Как бы там ни было, хладнокровный Кёрн не собирался покидать этот мир без своей последней реплики. Дождавшись относительного затишья, профессор предпринимает новую попытку.

— В кабинете Кёрна… — повторяет он более вызывающим тоном и снова вешает эту роковую паузу, во время которой каждый актер, находящийся на сцене, непроизвольно повторяет про себя то нецензурное окончание реплики, которое прошептал Слава, и тогда уже на сцене начинается форменная истерика. Матюшин с Ганиным, заржав, как два жеребенка, кладут свои головы друг другу на плечи, и каждый из них пытается укусить другого за шею. Мужественные полицейские, потеряв всякую мужественность, начинают плакаться друг другу в бронежилетки. Из моих глаз вырывается целый гейзер горячих, неудержимых слезищ. И даже сам Кёрн, этот Злодей Злодеевич Убивцев, поддавшись общей психопатии, вдруг выкрикивает, срываясь на фальцет:

— Кёрн… застрелился! — и уходит за кулисы такими быстрыми и судорожными шагами, какими ходят только в туалет.

  Как мертвая голова профессора Доуэля нашла в себе силы для того, чтобы не дать себе воскреснуть, для меня до сих пор остается загадкой. 

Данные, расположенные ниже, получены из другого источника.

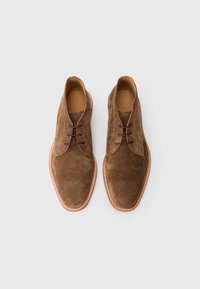 Zapatos de ante marrón con una textura suave, que presentan una punta redondeada, dos ojetes para los cordones y una suela cosida en contraste.
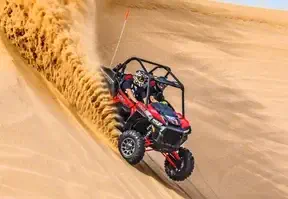 A red buggy through sandy dunes with a person riding a motorcycle on a desert sand dune.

  Однако уже звучит музыка, меняется свет, занавес закрывается. Поклона на сдаче спектакля, как правило, не бывает. Слава богу, в зрительном зале Славкиного шепота никто не услышал. Раздались аплодисменты, руководство и члены худсовета направились на обсуждение, а Феликс Соломонович, надо сказать, даже как-то растерялся. Он на минутку заскочил на сцену, нашел Аюпова и обескураженно попенял ему:

— Ну, Рим!.. Знаешь… Нет, я понимаю, что эмоции захлестывают… Но надо же как-то держать себя в руках!..

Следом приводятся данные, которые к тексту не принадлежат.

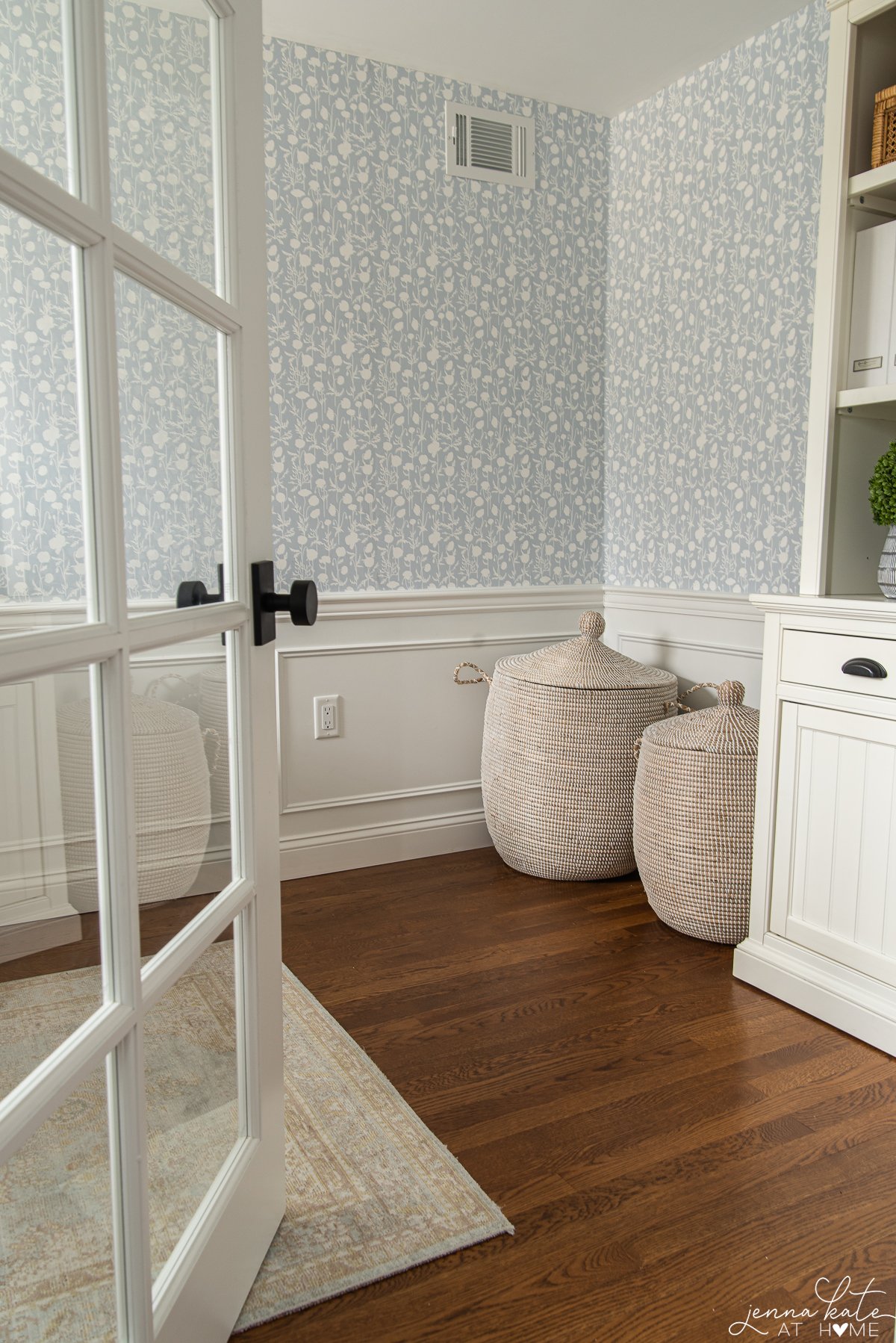 room with warm wood floors, white wainscoting and blue floral wallpaper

  В ответ бедный Рим Шарипович лишь вздохнул, кивнул режиссеру головой и, грустно улыбнувшись, отправился в гримерку, где его уже ждал со своими извинениями Слава Ишин.

  Надо признаться, что я и сам иногда ставил своих товарищей по сцене в непростую ситуацию. Но ни один из «горьковчан» ни разу не сказал мне на это худого слова.

  Помню, например, забавный случай с оговоркой на премьере спектакля «Волшебник Изумрудного города» (Страшилу играл Володя Оганесян, Железного Дровосека — Андрюша Матюшин, а Гудвина, Великого и Ужасного — я), где в самом финале, стоя в корзине воздушного шара, который должен был унести Гудвина в его родной Канзас, мой герой давал своим новым товарищам новые красивые имена. И когда Володя Оганесян поднял на меня свои огромные, печальные глаза, я вдруг выпалил ему:

— А тебя, мой друг, отныне будут называть Мудрила Страшный!..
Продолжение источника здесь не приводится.